Database Indexing for People Who Are Not DBAs

Most application developers encounter database performance only when a query that was fast in development becomes slow in production. The usual remedy is an index, yet indexes are often added by intuition rather than understanding, which produces both missing indexes that would have helped and superfluous ones that quietly impose cost. This article explains indexing for engineers who are not database administrators: what an index is, the queries it accelerates, the price it exacts on writes and storage, and a workable method for deciding which indexes to create. The thesis is that indexing is a deliberate trade between read speed and write cost, and that the trade is best made from evidence rather than instinct.

What an Index Actually Is

Without an index, answering a query that filters rows requires the database to scan the entire table, examining each row to see whether it matches. This is a sequential scan, and its cost grows with the size of the table. An index is a separate data structure that lets the database locate matching rows quickly without examining every one, much as the index of a book lets a reader find a topic without reading every page.

The PostgreSQL documentation frames the canonical case directly. Given a query that filters on a column, creating an index on that column allows the system to find the matching rows in a small number of steps rather than scanning the whole table. The improvement is most dramatic on large tables and on queries that select a small fraction of the rows.

When an Index Helps

An index repays its cost when queries repeatedly filter, join, or sort on the indexed columns. The clearest beneficiaries are equality and range conditions in a WHERE clause, the columns used to join tables, and the columns used to order results. If an application routinely retrieves records by a particular column, that column is a candidate for an index.

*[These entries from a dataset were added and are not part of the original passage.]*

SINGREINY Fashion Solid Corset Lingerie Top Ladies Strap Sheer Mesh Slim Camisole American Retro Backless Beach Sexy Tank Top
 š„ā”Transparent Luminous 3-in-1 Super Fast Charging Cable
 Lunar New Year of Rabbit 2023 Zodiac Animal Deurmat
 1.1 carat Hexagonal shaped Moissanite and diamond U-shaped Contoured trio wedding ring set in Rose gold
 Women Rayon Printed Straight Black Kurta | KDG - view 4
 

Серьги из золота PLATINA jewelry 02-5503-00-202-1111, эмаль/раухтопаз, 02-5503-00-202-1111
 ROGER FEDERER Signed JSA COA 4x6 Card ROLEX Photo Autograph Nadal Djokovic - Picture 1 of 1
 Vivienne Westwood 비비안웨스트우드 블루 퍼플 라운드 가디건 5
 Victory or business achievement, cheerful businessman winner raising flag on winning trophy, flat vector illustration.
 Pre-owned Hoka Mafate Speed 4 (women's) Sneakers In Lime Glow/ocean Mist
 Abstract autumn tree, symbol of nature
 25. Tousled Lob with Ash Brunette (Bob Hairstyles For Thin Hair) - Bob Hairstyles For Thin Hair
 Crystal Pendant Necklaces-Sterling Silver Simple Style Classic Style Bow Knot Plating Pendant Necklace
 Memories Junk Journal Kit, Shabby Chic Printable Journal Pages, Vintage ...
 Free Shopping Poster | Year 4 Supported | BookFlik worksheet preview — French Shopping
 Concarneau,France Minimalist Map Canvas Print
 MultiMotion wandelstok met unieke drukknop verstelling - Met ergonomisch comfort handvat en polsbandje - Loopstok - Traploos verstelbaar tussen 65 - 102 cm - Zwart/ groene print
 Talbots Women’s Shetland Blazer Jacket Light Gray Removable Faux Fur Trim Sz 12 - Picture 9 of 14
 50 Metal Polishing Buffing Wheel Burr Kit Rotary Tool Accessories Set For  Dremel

The benefit is conditional, however. An index helps when a query is selective, meaning it returns a small portion of the table. When a query matches most of the rows, scanning the whole table can be cheaper than consulting an index and then fetching the rows it points to, and the planner may sensibly ignore the index. An index on a column with very few distinct values, such as a boolean, therefore often provides little benefit.

For queries that filter on more than one column together, a multicolumn index covering those columns can outperform separate single-column indexes. The order of columns in such an index matters, because it is most useful for conditions that constrain the leading columns.

What an Index Costs

An index is not free, and treating it as such is the most common indexing mistake. Every index must be kept consistent with the table it serves. When a row is inserted, updated, or deleted, the database must update the affected indexes as well, which makes write operations slower in proportion to the number of indexes on the table. Indexes also consume storage, and a table burdened with many indexes can occupy substantially more space than its data alone.

The consequence is that indexes should be created to satisfy real query patterns, not added speculatively to every column. An index that no query uses imposes write and storage cost while delivering no read benefit, and such unused indexes accumulate easily over a project’s life.

A Method for Choosing Indexes

A disciplined approach begins with measurement rather than guessing. Identify the queries that are slow or frequent, then ask the database to explain how it executes them. PostgreSQL provides the EXPLAIN command, which reports the plan the system chose, including whether it performed a sequential scan or used an index. A sequential scan over a large table in a frequently run query is a strong signal that an index on the filtered columns is worth testing.

After adding a candidate index, re-examine the plan to confirm the planner now uses it and that the query is faster. Periodically, review existing indexes for ones that no query exercises and remove them to recover their write and storage cost. Indexing is iterative: measure, add, verify, and prune.

Conclusion

An index is a structure that trades additional storage and slower writes for faster reads, and it is justified when real, selective queries filter, join, or sort on its columns. It is wasted when added speculatively, applied to columns with few distinct values, or left in place after the query that needed it is gone. The reliable method is evidential rather than intuitive: find the slow queries, inspect their execution plans, add indexes where a scan is the bottleneck, verify the improvement, and remove indexes that earn nothing. Approached this way, indexing becomes a tractable engineering decision rather than a specialist’s mystery.